[[ Input data open ]]

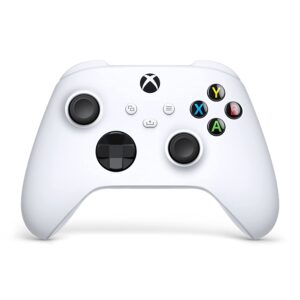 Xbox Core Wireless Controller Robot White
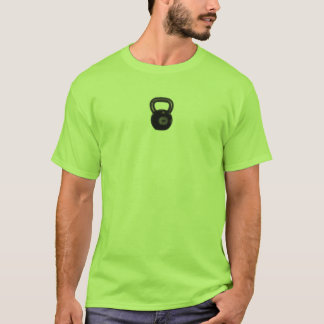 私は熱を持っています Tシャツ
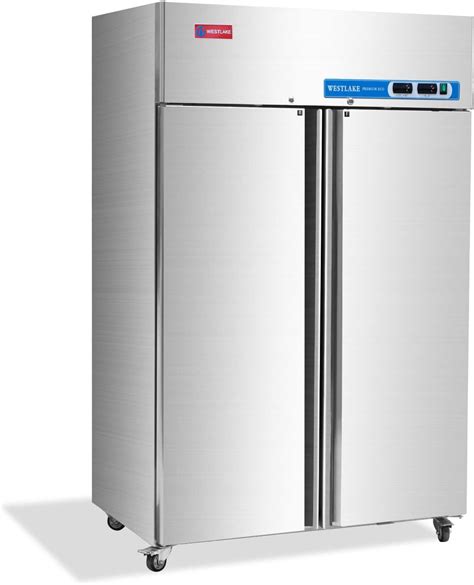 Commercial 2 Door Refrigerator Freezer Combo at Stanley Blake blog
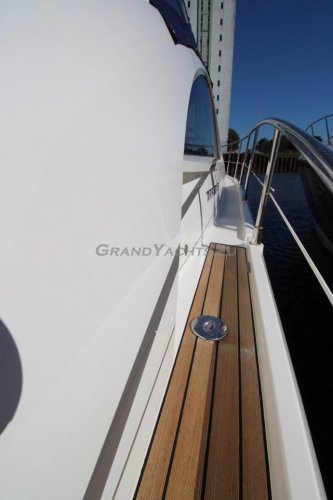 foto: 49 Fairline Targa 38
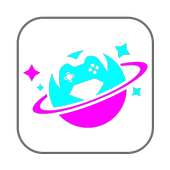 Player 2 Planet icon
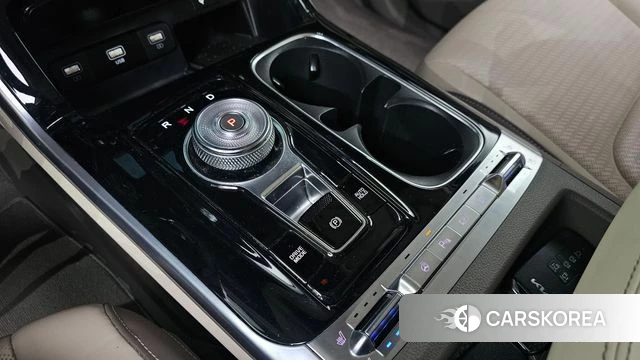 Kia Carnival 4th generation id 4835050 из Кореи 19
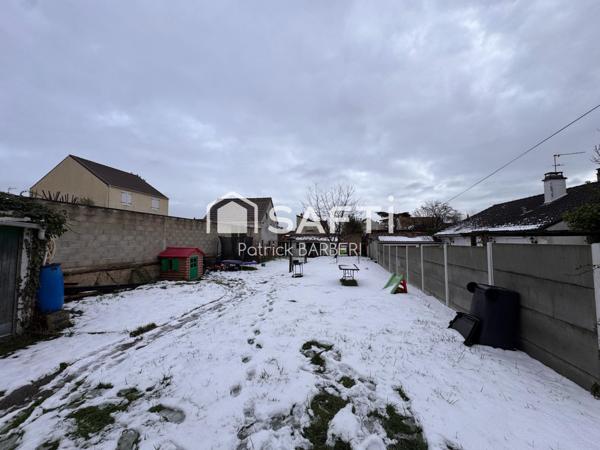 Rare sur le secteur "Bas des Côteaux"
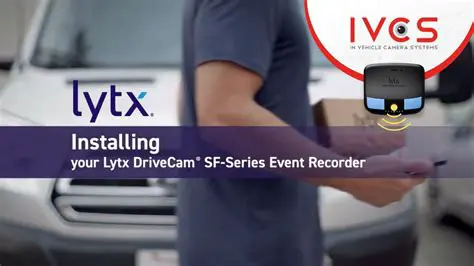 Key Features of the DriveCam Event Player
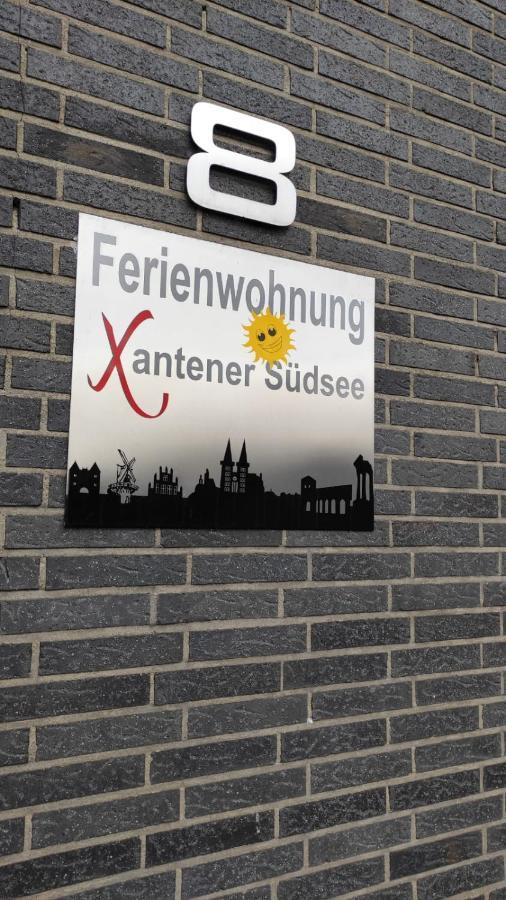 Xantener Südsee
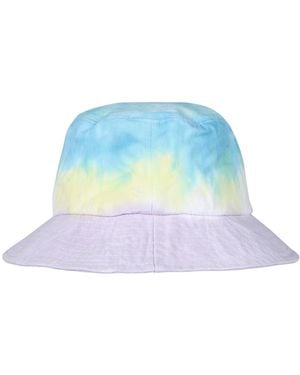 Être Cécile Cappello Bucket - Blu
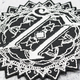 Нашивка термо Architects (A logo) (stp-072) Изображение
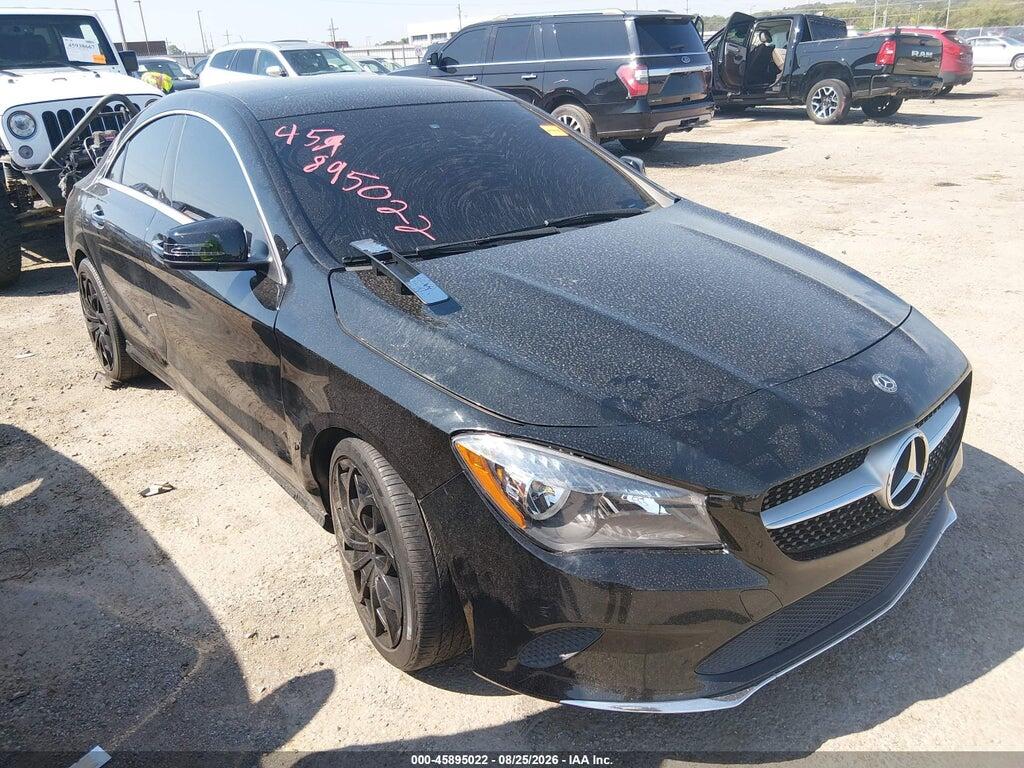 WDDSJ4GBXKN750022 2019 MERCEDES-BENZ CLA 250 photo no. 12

[[ Input data closed ]]

§ Your assignment: Give back the records above exactly. Pictures stay out.

§ Response to this task:
 Xbox Core Wireless Controller Robot White
 私は熱を持っています Tシャツ
 Commercial 2 Door Refrigerator Freezer Combo at Stanley Blake blog
 foto: 49 Fairline Targa 38
 Player 2 Planet icon
 Kia Carnival 4th generation id 4835050 из Кореи 19
 Rare sur le secteur "Bas des Côteaux"
 Key Features of the DriveCam Event Player
 Xantener Südsee
 Être Cécile Cappello Bucket - Blu
 Нашивка термо Architects (A logo) (stp-072) Изображение
 WDDSJ4GBXKN750022 2019 MERCEDES-BENZ CLA 250 photo no. 12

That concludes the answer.